In 1840, Théophile Gautier fueled this sinister imagination Mummy feet. The narrator of the story finds the foot of the daughter of Pharaoh in a shop selling second-hand things. “The young man decides to buy it and use a paperweight”, Catherine Delister says: That same evening, the ghost of a little princess appeared asking for her amputated limb. Edgar Allan Poe (1846), Arthur Conan Doyle (1890), Saxe Romer (1903) and then Henry Rider Haggard (1913) in turn exploit the vein in literature: the mummy becomes a recurring figure of a young woman, 3,000 years old, who emerges from his cocoon sometimes to be killed for love. In the cinema, it was Georges Millier, in 1899, who opened the first film Mummy (titled Cleopatra). damn movie. The basics are laid The historian summarizes: In our imagination the mummy symbolizes error. It is the woman turned into a commodity, bereft of power, and usurped in her eternal sleep, who bursts into the heart of civilization and haunts us. This mummy personifies our bad conscience.
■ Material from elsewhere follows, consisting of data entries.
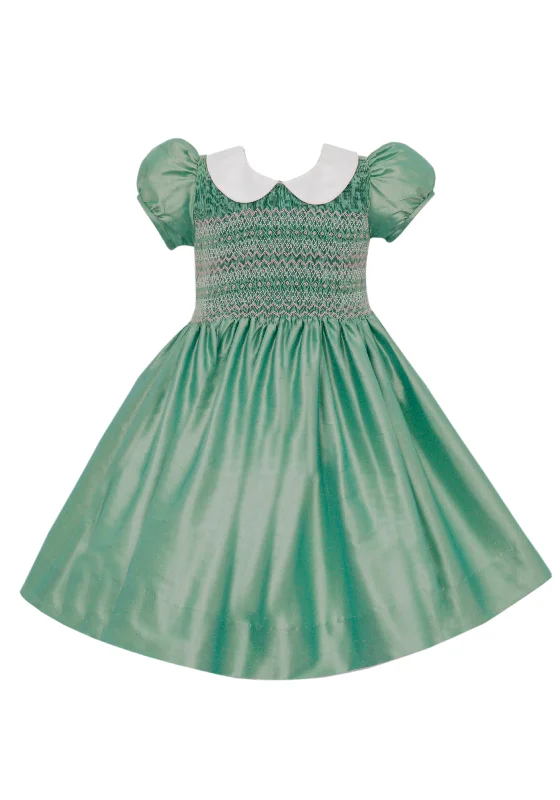 Green Silk Dress w/White Collar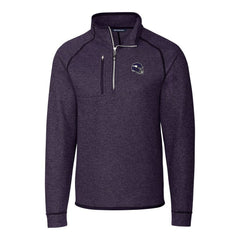 Minnesota Vikings Cutter & Buck Helmet Mainsail Sweater-Knit Half-Zip Pullover Jacket Purple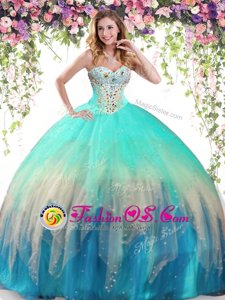 Custom Made Multi-color Sleeveless Tulle Lace Up Quince Ball Gowns for Military Ball and Sweet 16 and Quinceanera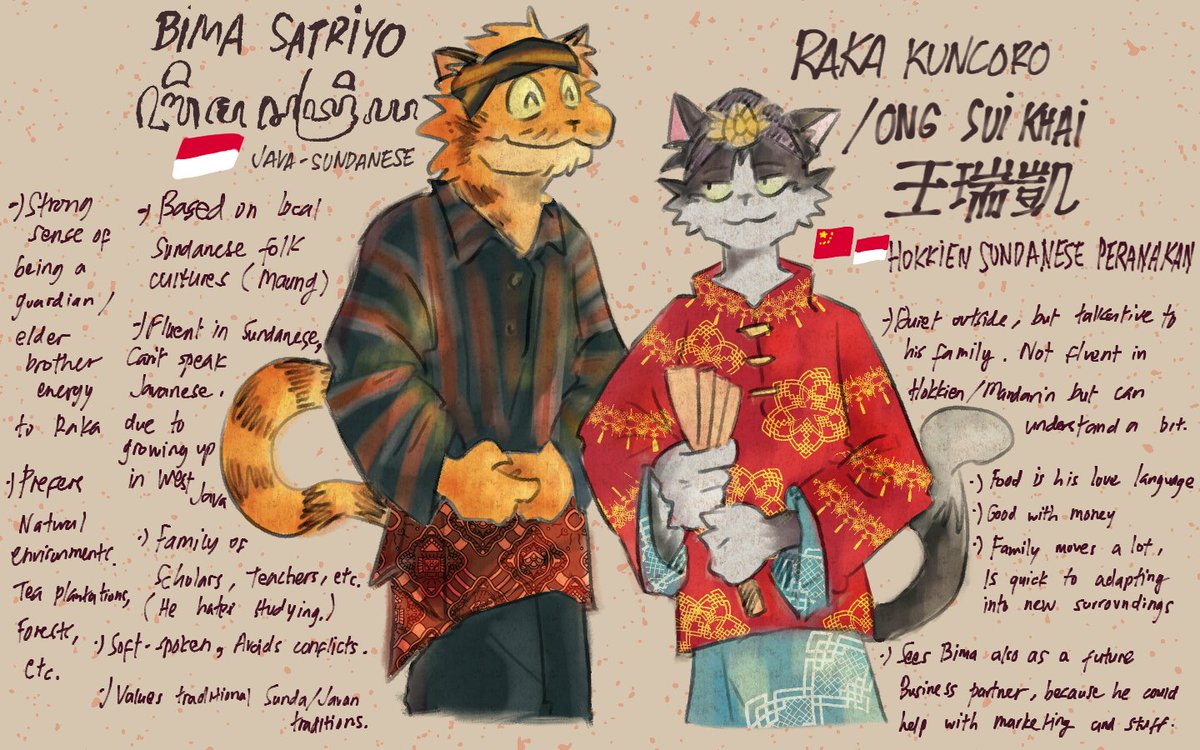 RRRAH finally did research on Bima and Raka's cultural heritages. #rkgk #ケモノ #furryoc #furry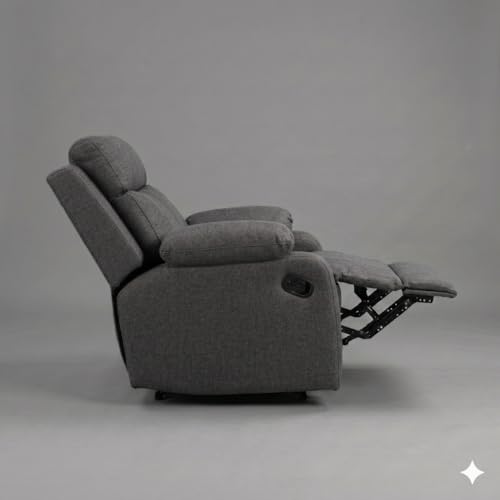 Image of Amazon Brand - Solimo Elira | Single Seater Sofa Recliner | Manual Recliner (Velvet Grey)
It gnaws us from the inside, because remorse can gnaw those who have opened a grave.

Oddly enough, the first appearance of the mummy in the West is precisely linked to the practice of cannibalism: as Catherine Delister reveals, it is “Through the pharmacopoeia, Europe recognizes mummies.” From the Middle Ages to the Renaissance, doctors prescribed the mummy as a cure for almost all diseases. “As early as the tenth century, the meat of the mummies appears to have been boiled. Then, very quickly but without being able to tell the exact date, it is made the habit of grinding whole mummies and selling them in powdered form. Earaches, toothaches, fractures, bruises, abscesses, paralysis, heartaches… it’s meant to cure everything! “Francois 1er allegedly never parted with a small bag containing an emergency potion”, The historian mentions again. In fact, the idea is not ridiculous: they are embalmed with resins or vegetable oils – myrrh, cinnamon, aloe vera, beeswax, camphor, etc. The mummies are impregnated with substances known for their medicinal virtues.

cheated mummy

The problem is that demand is rising. Traffic like that Egyptian merchants can no longer respond to them. The solution ? Fake mummies! Or rather, the recently mummified corpses, sometimes the corpses of slaves or those condemned to death, but also the corpses of victims of the plague or smallpox. ” Ambroise Barry, in 1580, denounced in his book Mummy and unicorn speech The sins of this trade in sometimes contaminated corpses: selling food and drink “The stinking and infected carrion of the hanging, he is indignant, Or from the fiercest scoundrel of the inhabitants of Egypt, or smallpox, or plague, or miscreants [lépreux, ndlr]“. Although the adulterated mummy makes a mess, this product remains on the shelves of the best factories for a long time. It wasn’t until the 18th century that cut human remains were no longer distributed as medicine. But mummies remain in our eyes poisonous and poisonous. Like all that bothers. Feet cut off with so-called “food grade” silicone is just the (barely) sterile version.